Il y avait donc, d'une part, l'enseignement originel de Ibn Abd il-Wahhâb (que nous avons abordé brièvement dans le point B), qui n'a rien à voir avec les rumeurs que l'on a propagées contre lui (citées dans le point C). Mais il y a eu aussi, d'autre part, la façon concrète par laquelle certains de ceux qui se réclament du wahhabisme ont vécu et ont appliqué celui-ci, ou le vivent et l'appliquent (c'est l'objet de ce point D).
Les excès de certains disciples contemporains de Ibn Abd il-Wahhâb avaient, à son époque même, causé chez d'autres musulmans une méfiance vis-à-vis de son enseignement. Les excès de certains de ses disciples tardifs seront responsables de la méfiance d'autres musulmans encore. Pour ces derniers, comme l'a noté Asad, le wahhabisme est devenu le synonyme de deux choses : "formalisme et intolérance".

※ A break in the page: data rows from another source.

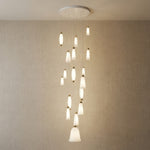 Yiosi Cristallo Grand Cascading Glass Pendant Light - 39" (Dia 1000mm)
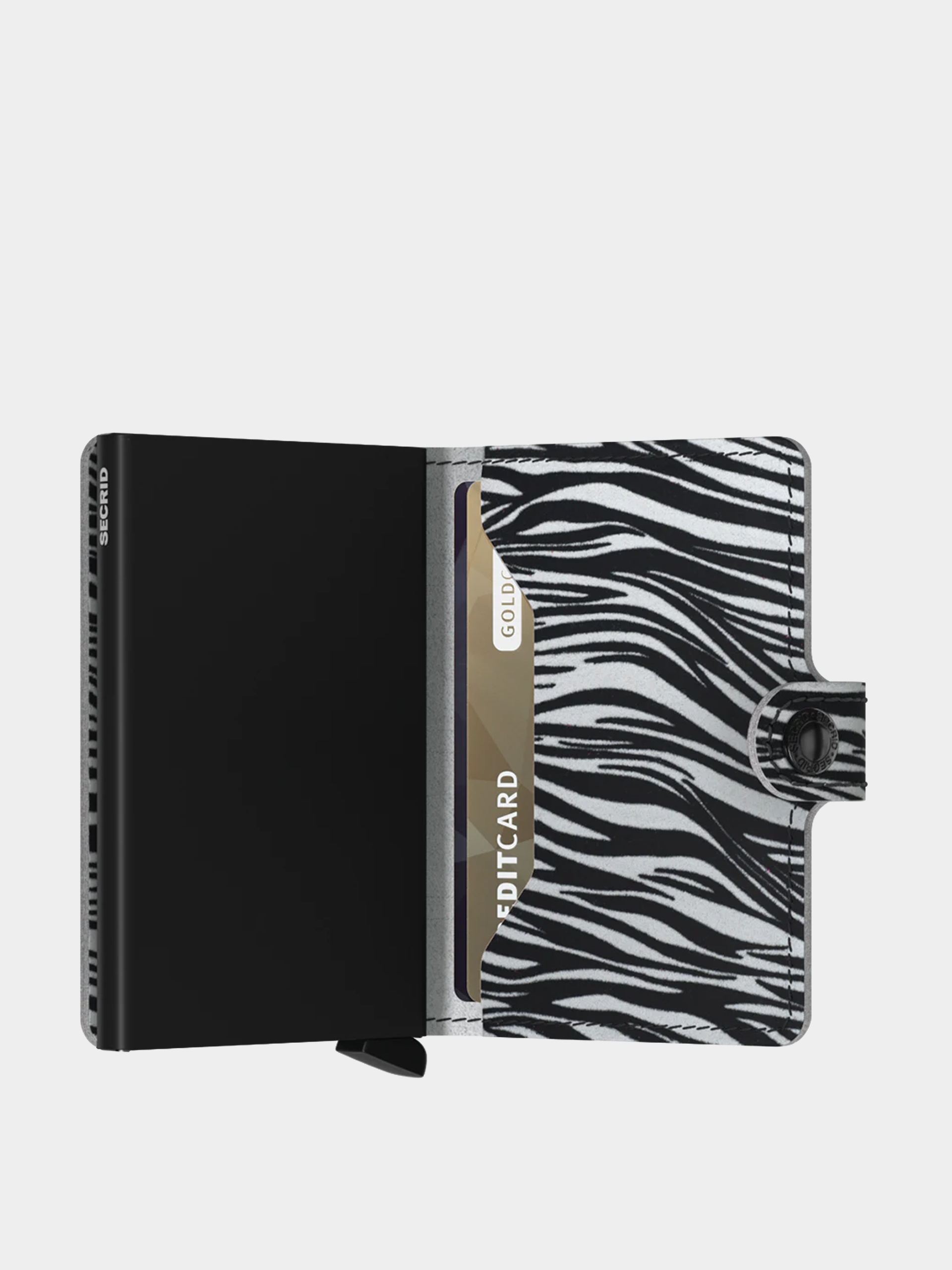 Portfel Secrid Miniwallet (zebra light grey)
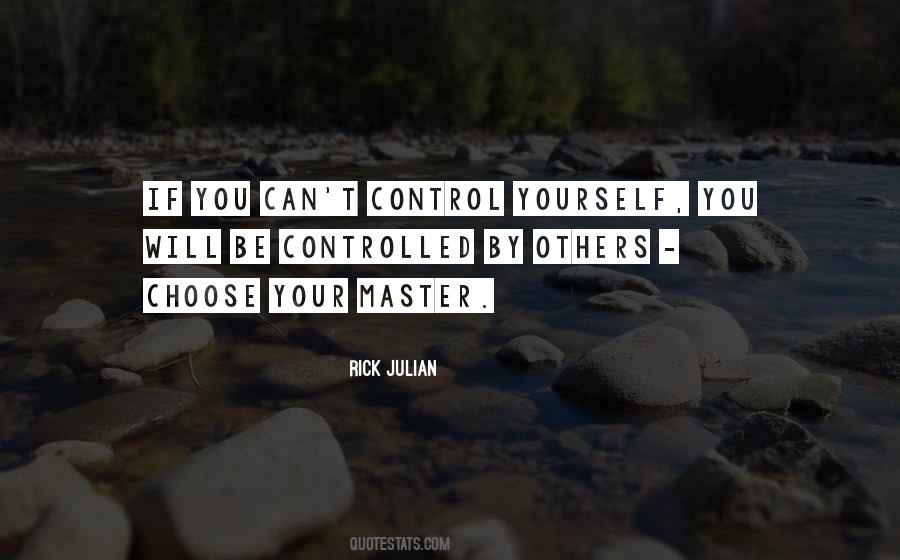 Quotes About Control Yourself #73192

– Formalisme dans la mise en pratique des actes prescrits par les sources de l'islam.
– Intolérance (ta'assub, esprit partisan) vis-à-vis de tout avis différent, celui-ci étant parfois rejeté et même considéré "déviant" par simple constat de sa différence avec l'avis des ulémas adeptes du message de Ibn Abd il-Wahhâb, sans considération aucune pour les deux argumentations à la source du Coran, de la Sunna et des interprétations de l'ensemble des Pieux Prédécesseurs. Un paradoxe et un comble, de la part de personnes qui reprochent sans arrêt aux autres de suivre aveuglément les avis de leurs ulémas de référence sans considérer la fiabilité de ces avis avec le Coran et la Sunna authentique !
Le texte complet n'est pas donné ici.